Sophomore Christian Sosa agrees. He says crowded classrooms make it difficult to change courses once the semester starts because most classes are maxed out.

Sosa says he also needs to share computers with others during his geometry class. That means he could only view diagrams or math problems when he had access to the computer screen.

Last year, the cutbacks caused the class size at Stagg to jump to 36 students for most courses. Teachers found themselves dealing with more behavioral issues during class time.

Ron Tankersley, a business teacher at Stagg, said students are acting out more in class and are skipping class at higher rates. Since class sizes increased last year, 75 percent of the school's students had an unexcused absence or were tardy on three or more days, compared to 62 percent in 2009-2010.

Tankersley says, in the past, he could have given students more guidance and attention, but now, there are just too many students.

Students are aware of the toll on teachers. Sosa says one of his teachers constantly talks about the impact of the budget cuts on the school. "She always looks stressed out," Sosa says.

Students also want to spend more time in school. Stagg has the highest participation rate in after-school programs in the district. About 650 students participate in sports, clubs and other activities, compared to an average of 250 students at the other high schools.
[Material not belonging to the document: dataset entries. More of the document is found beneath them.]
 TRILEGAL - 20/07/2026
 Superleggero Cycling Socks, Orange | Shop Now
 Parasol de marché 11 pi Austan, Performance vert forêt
In an area filled with gangs, violent crime, drugs and alcohol use, after-school programs are prized.

To offset some of the guidance lost due to staff layoffs, Stagg started a student mentoring program a few years ago to link juniors and seniors with freshmen, so older students can help tutor younger students in their selection of courses and college preparation work. Stagg also instituted block scheduling four days a week, which allows students to take three classes per day instead of six. This allows students to spend more time in each class while teachers cover the curriculum in more depth.
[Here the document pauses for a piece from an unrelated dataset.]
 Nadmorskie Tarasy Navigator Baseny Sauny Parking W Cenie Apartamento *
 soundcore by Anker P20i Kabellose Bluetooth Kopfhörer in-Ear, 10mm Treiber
Parks says these new strategies have brought some success. Of the seniors who attended Stagg last year, nearly 90 percent graduated. And there was a 34-point jump in the school's academic performance (API) score, ending four straight years of declining performance.

But Parks is not yet ready to celebrate. He says Stagg's API of 626 is still well below the state's target of 800, plus, the achievement gap between Latino and African American students and their peers remains wide. Those long-term challenges will need resources to turn around.

Facing an additional mid-year cut of up to $11 million at the district level that could possibly lead to more layoffs, Parks is concerned that those small gains will quickly disappear if there are not enough resources to maintain them.

"We can reach the minimum needs, but you can no longer go beyond," he said.